Multiple imputation has become an extremely popular approach to handling missing data, for a number of reasons. One is that once the imputed datasets have been generated, they can each be analysed using standard analysis methods, and the results pooled using Rubin’s rules. However, in addition to the missing at random assumption, for multiple imputation to give unbiased point estimates the model(s) used to impute missing data need to be (at least approximately) correctly specified. Because of this, care must be taken when choosing the imputation model.
What constitutes a reasonable imputation model will obviously depend on the dataset and situation at hand. One situation which is commonly encountered, but where it is not obvious what one should do, is where the dataset, or the model(s) which will be fitted after imputation, contains interaction terms or non-linear terms such as squared terms.

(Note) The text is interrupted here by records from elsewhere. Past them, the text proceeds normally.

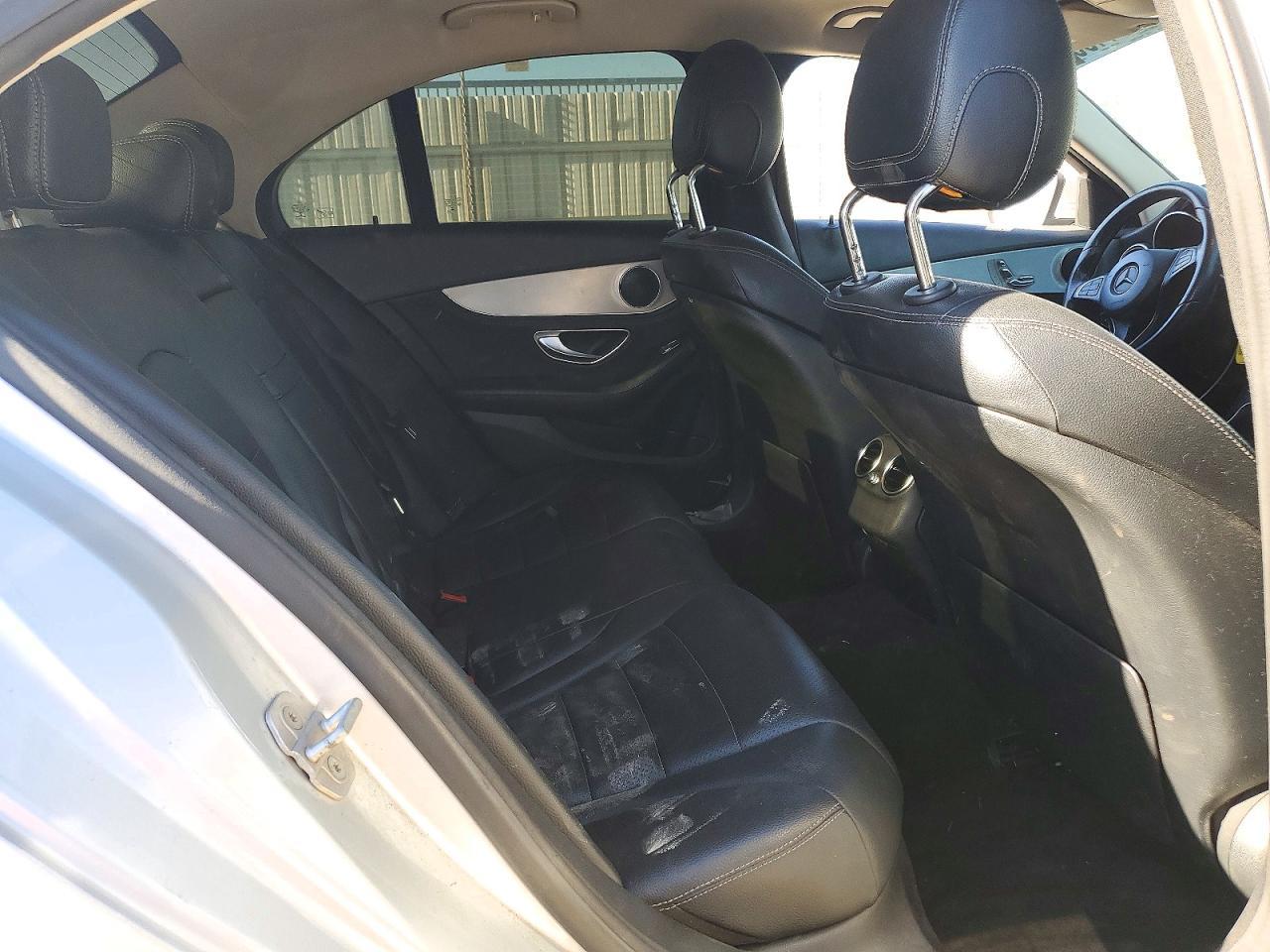 2015 Mercedes-Benz C 300 4Matic - zdjęcie 10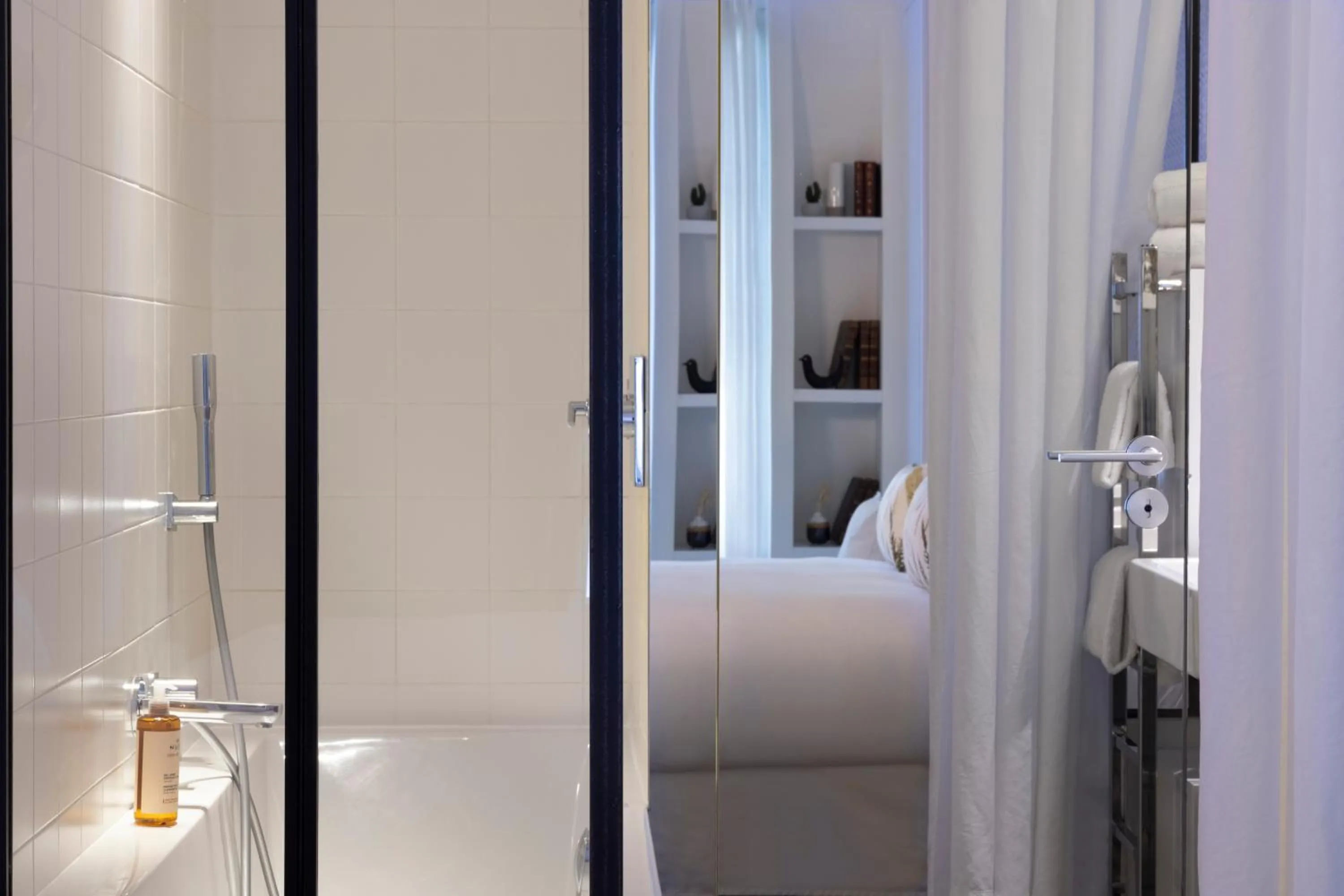 Bathroom, Bed in Hôtel de Banville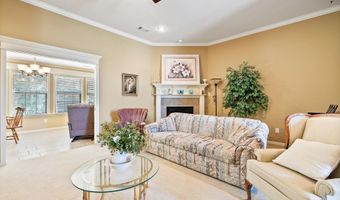 3270 Clover Hill Ln, Benton, AR 72015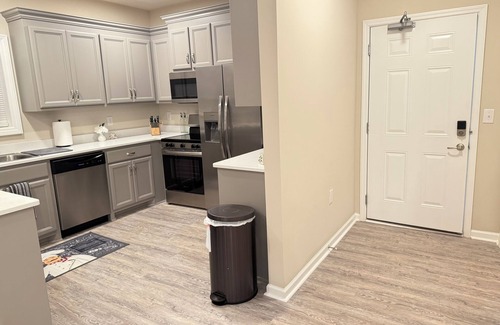 Huntsville Apartment | 1A luxury brand new apartment in hsv near aquatic center, hospitals and mall.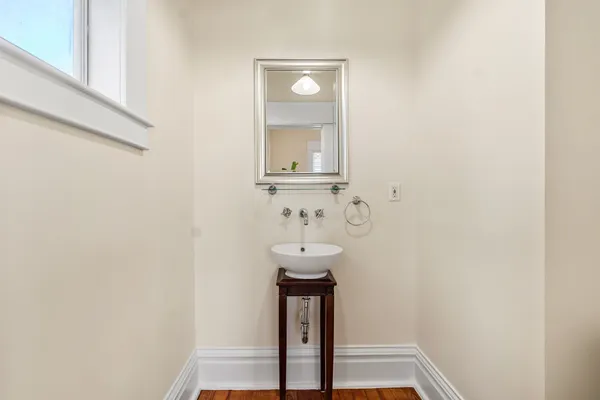 $999,990 | 1847 Cortlandt Street, Houston, TX 77008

Example – an interaction with missing values
As an example, let’s suppose that the analysis (substantive) model for an outcome Y, i.e. the model we will fit after performing multiple imputation, contains an interaction between two variables, X1 and X2. Further, let’s suppose that X1 contains missing values, so that correspondingly the interaction variable X1*X2 also has missing values. So, we have missingness in two variables, X1 and X1*X2, although the missingness in the interaction variable X1*X2 is induced by the missing in the covariate X1.
The question is, how should we go about imputing the missing values? Whatever approach we use, we should ensure that imputed values in X1 (and X1*X2) are generated which are consistent with our analysis model, in which Y is assumed to depend on X1, X2 and X1*X2. An implication of this interaction is that the association between Y and X1 will be different for different values of X2.
Impute then transform
The most obvious approach is to impute X1, using Y and X2 in the imputation model. Then in the imputed datasets we can ‘passively’ impute the interaction variable X1*X2. This approach was also termed ‘impute then transform’ in a paper by von Hippel, and is appealing due to its simplicity. However, unfortunately it (in general) leads to bias – the missing values in X1 are imputed from a model which (at least by default) assumes additive effects of X2 and Y, which is incompatible with the interaction term X1*X2 we want to include in our analysis model.
Realising that the default imputation model for X1 is incompatible with the interaction term in our analysis model, we might try to modify the imputation model to allow for it. If X1 and X2 interact in their associations with Y, this means the association between Y and X1 differs according to X2. Therefore a natural approach is to include the Y*X2 interaction in the imputation model for X1. This approach will usually perform better than the first, where we effectively completely ignored the interaction. However, it may not give unbiased estimates, because the correct imputation distribution, implied by the analysis model and a model for X1 given X2, may not be the one we are using, even when we include the Y*X2 interaction. For simulation results demonstrating this, see this paper.
Imputing separately in subgroups
Suppose that X2 is a factor variable. In this case, provided there are not too many levels, and there are a reasonable number of observations in each level of X2, we can carry out multiple imputation separately in the different levels of X2. Why would we do this? By imputing separately in the different levels of X2, we allow the associations between X1 and Y to differ according to the level of X2. So by imputing separately in the different levels of X2, we impute in a way which allows for the possibility of the interaction which we would like to include in our analysis model.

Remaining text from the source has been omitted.